Melalui praktik ini, masyarakat bisa memperoleh makanan bergizi yang cukup secara berkelanjutan, sembari menjaga kelestarian lingkungan.

Tantangan keberlanjutan

Meskipun sistem wanamina menawarkan banyak manfaat, penerapannya di lapangan masih menghadapi berbagai tantangan. Menurut penelitian Basyuni dkk pada 2018, salah satu kendala utamanya ialah keengganan para petambak dalam mengurangi luas tambak mereka (sekitar 10–50%) untuk ditanami mangrove. Mereka beralasan bahwa berkurangnya area tambak berarti berkurang pula produksi udang, kepiting, bandeng, dan rumput laut yang selama ini menjadi sumber penghasilan.

Kendala lain adalah biaya awal pembangunan tambak wanamina yang diperkirakan 10% lebih besar daripada tambak tradisional. Selain itu, ketergantungan pada tambak tradisional yang terbukti memberikan hasil langsung serta kurangnya pemahaman tentang manfaat jangka panjang wanamina menjadi salah satu faktor penghambat dalam adopsi sistem ini secara luas.

Oleh karena itu, pendekatan edukatif memegang peranan penting dalam mendorong penerapan sistem wanamina. Sosialisasi dan pelatihan rutin kepada para petambak, disertai demonstrasi langsung melalui percontohan wanamina, dapat membantu mereka melihat manfaat nyata keberadaan mangrove dalam sistem ini.
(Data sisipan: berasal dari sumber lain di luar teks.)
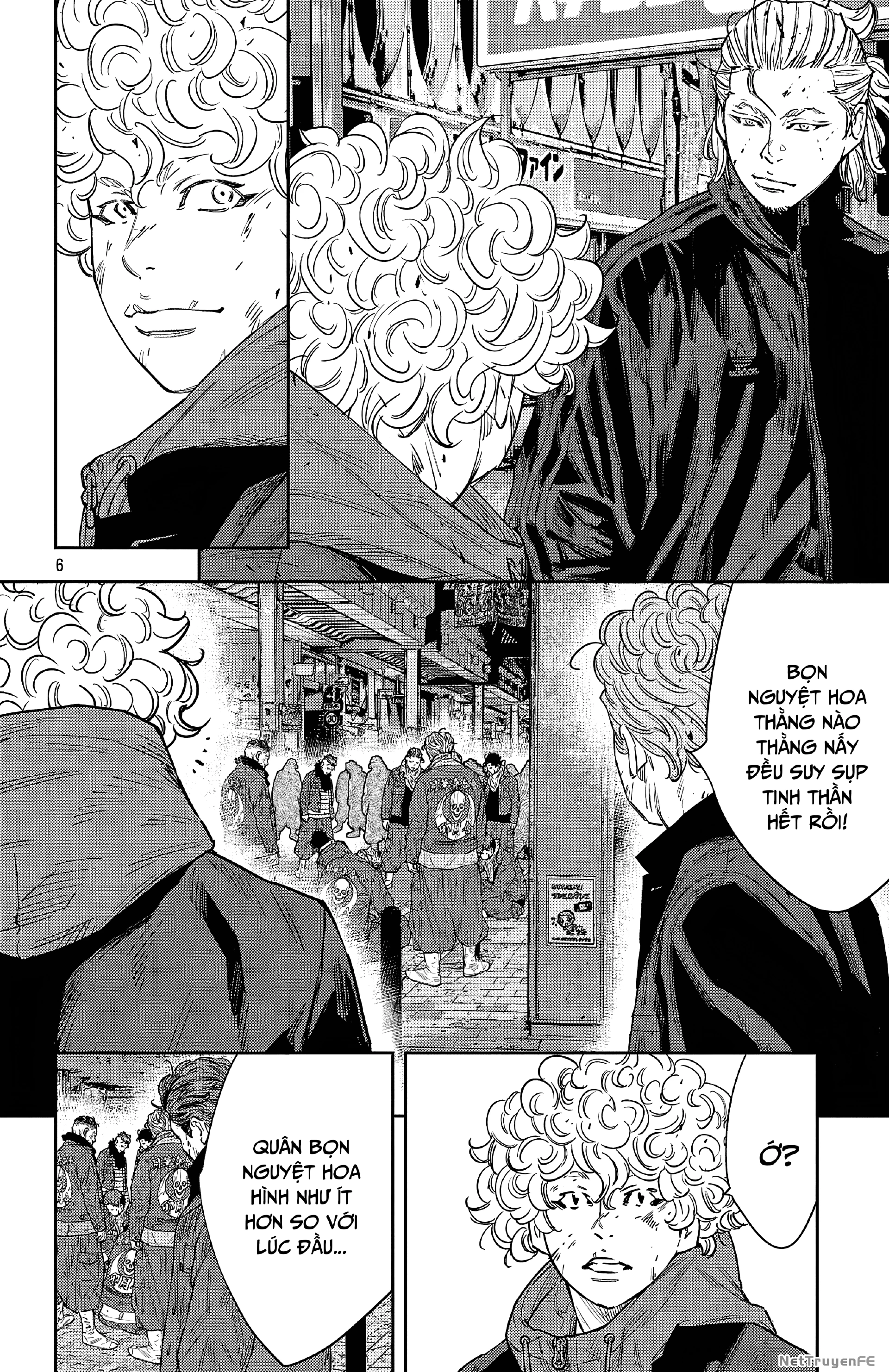 Nine Peaks Chapter 111 - Trang 4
Dukungan Pemerintah Kabupaten Bone, khususnya melalui Dinas Perikanan dan Dinas Penanaman Modal Pelayanan Terpadu Satu Pintu (DPMPTSP), dalam bentuk penyediaan bibit mangrove dan insentif pendanaan, juga dapat memperluas adopsi sistem ini. Sebagai solusi berkelanjutan yang menguntungkan baik bagi petambak maupun lingkungan, wanamina merupakan pilihan yang layak untuk dicoba.